However, there is nowhere that OpenGL spec mentioned "threads executed in lockstep". It only mentioned "The relative order of invocations of the same shader type are undefined.". As in this example, why can we not use atomic operation imageAtomicCompSwap to ensure exclusive access between different PS invocations? Does this mean Nvidia and AMD GPU not conform with OpenGL spec?

As in this example, why can we not use atomic operation imageAtomicCompSwap to ensure exclusive access between different PS invocations?
If you are using atomic operations to lock access to a pixel, you are relying on one aspect of relative order: that all threads will eventually make forward progress. That is, you assume that any thread spinning on a lock will not starve the thread that has the lock of its execution resources. That threads holding the lock will eventually make forward progress and release it.
But since the relative order of execution is undefined, there is no guarantee of any of that. And therefore, your code cannot work. Any code which relies on any aspect of ordering between the invocations of a single shader stage cannot work (unless there are specific guarantees in place).
This is precisely why ARB_fragment_shader_interlock exists.
That being said, even if there were guarantees of forward progress, your code would still be broken.
You use a non-atomic operation to release the lock. You should be using an atomic set operation.
Plus, as others have pointed out, you need to continue to spin if the return value from the atomic compare/swap is not zero. Remember: all atomic functions return the original value from the image. So if the original value it atomically read is not 0, then it compared false and you don't have the lock.
Now, your code will still be UB by the spec. But it's more likely to work.

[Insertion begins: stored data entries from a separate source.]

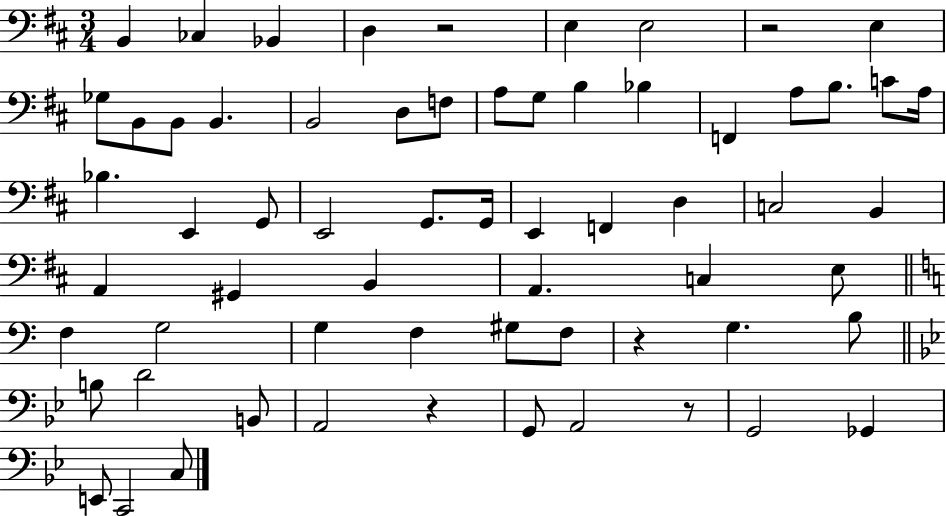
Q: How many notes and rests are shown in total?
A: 64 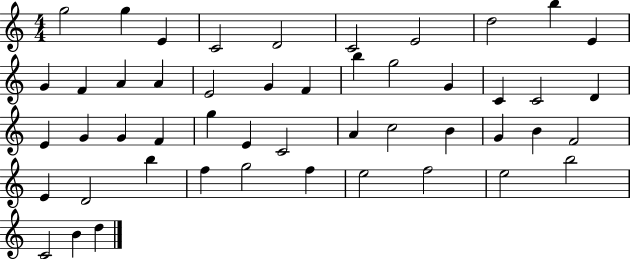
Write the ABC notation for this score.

X:1
T:Untitled
M:4/4
L:1/4
K:C
g2 g E C2 D2 C2 E2 d2 b E G F A A E2 G F b g2 G C C2 D E G G F g E C2 A c2 B G B F2 E D2 b f g2 f e2 f2 e2 b2 C2 B d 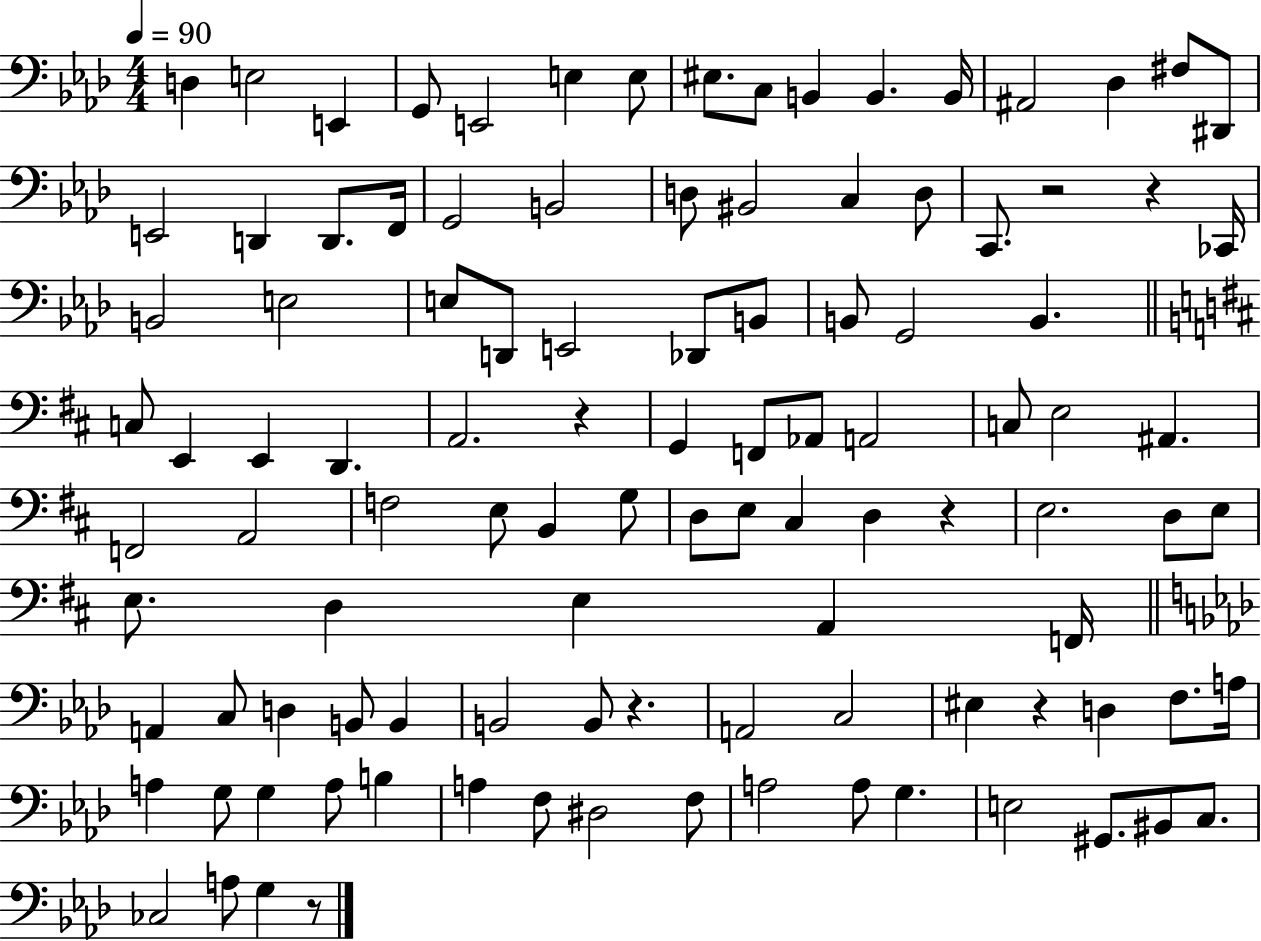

However, there is nowhere that OpenGL spec mentioned "threads executed in lockstep". It only mentioned "The relative order of invocations of the same shader type are undefined.".
You say this as if the wording of the GL spec would not cover the "lockstep" situation. But "The relative order of invocations of the same shader type are undefined." actually covers that. Given two shader invocations A and B, this statement means that you must not assume any of the following:
that A is executed before B
that B is executed before A
that A and B are executed in parallel
that A and B are not executed in parallel
that parts of A are executed before the same or other parts of B
that parts of B are exectued before the same or other parts of A
that parts of A and B are executed in parallel
that parts of A and B are not executed in parallel
... (probably a lot more) ...
The undefined order means you can never wait on the results of another invocation because there is no guarantee that this result of the other invocation can be exectued before the wait, except in situations where the GL spec makes certain extra guarantees, i.e:
when using explicit synchronization mechanisms like barrier()
there are some weak ordering guarantees between different shader stages
(I.e. it is allowed to assume that all vertex shader invoations have already happened when processing a fragment for that very primitive.)
For example, the GLSL Spec, Version 4.60 explains the concept of "invocation groups" in section 8.18:
Implementations of the OpenGL Shading Language may optionally group multiple shader
invocations for a single shader stage into a single SIMD invocation group, where invocations are
assigned to groups in an undefined implementation-dependent manner.
and the accompanying GL 4.6 core profie spec defines "invocation groups" in section 7.9 as
An invocation group [...] for a compute shader is the set of
invocations in a single work group. For graphics shaders, an invocation group is
an implementation-dependent subset of the set of shader invocations of a given
shader stage which are produced by a single drawing command. For MultiDraw*
commands with drawcount greater than one, invocations from separate draws are
in distinct invocation groups.
So besides for compute shaders, the GL gives you only draw-call-granularity other the invocation groups. This section of the spec also has a following footnote to make this absolutely clear:
Because the partitioning of invocations into invocation groups is implementation-dependent
and not observable, applications generally need to assume the worst case of all invocations in a draw belong to a single invocation group.
So besides that stronger statement about undefined relative invocation order, the spec also covers the "in-lockstep" SIMD processsing, and makes it very clear that you have not much control about it in the graphics pipeline.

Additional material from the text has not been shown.